* _Problem description_: For this exercise, copy all the data exactly and include none of the pictures.

* _Given data_:
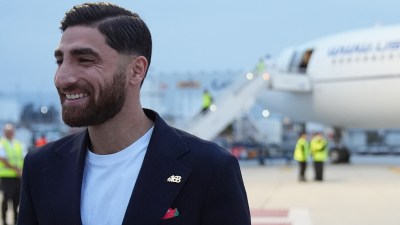 Iran's Alireza Jahanbakhsh smiles as he arrives with his teammates for the World Cup soccer tournament in Tijuana, Mexico, Sunday, June 7, 2026. (AP Photo)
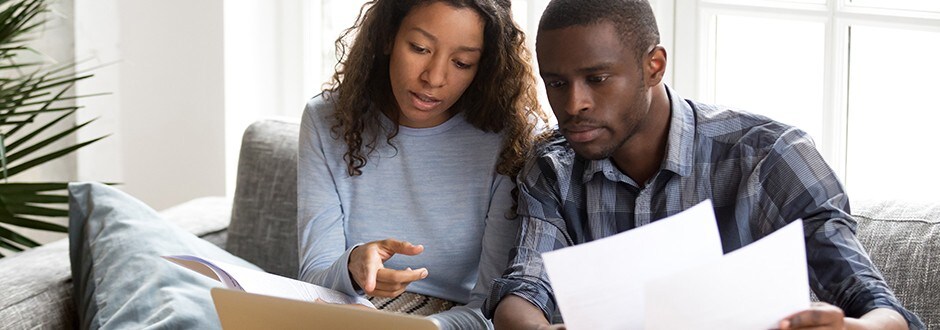 Young couple with computer and home purchase contract in hand discussing if it is a good time to walk away.
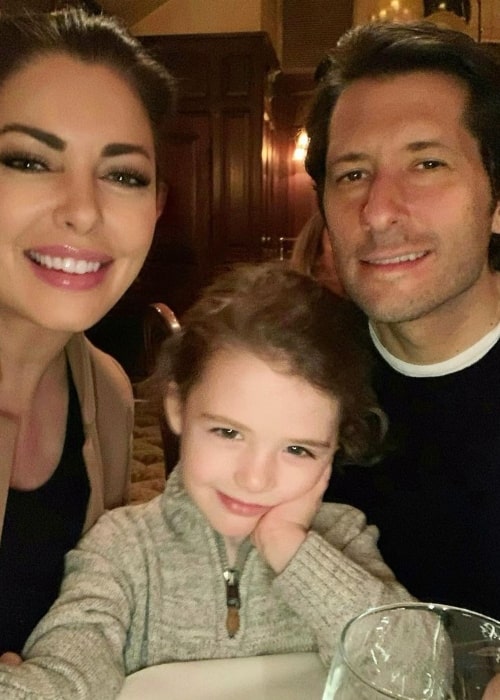 Bobbie Thomas smiling in a picture alongside her late husband and their son in New York City in January 2020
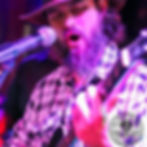 Live music an with beard playing guitar and singing at scallywags where to see live music danang vietnam events in danang Scallywags Sports Bar Danang best sports bar Danang live sports Danang Western breakfast Danang live music Danang public holiday celebrations Danang movie nights Danang happy hour Danang family-friendly bar Danang non-smoking bar Danang air-conditioned bar Danang outdoor patio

* _Task response_:
 Iran's Alireza Jahanbakhsh smiles as he arrives with his teammates for the World Cup soccer tournament in Tijuana, Mexico, Sunday, June 7, 2026. (AP Photo)
 Young couple with computer and home purchase contract in hand discussing if it is a good time to walk away.
 Bobbie Thomas smiling in a picture alongside her late husband and their son in New York City in January 2020
 Live music an with beard playing guitar and singing at scallywags where to see live music danang vietnam events in danang Scallywags Sports Bar Danang best sports bar Danang live sports Danang Western breakfast Danang live music Danang public holiday celebrations Danang movie nights Danang happy hour Danang family-friendly bar Danang non-smoking bar Danang air-conditioned bar Danang outdoor patio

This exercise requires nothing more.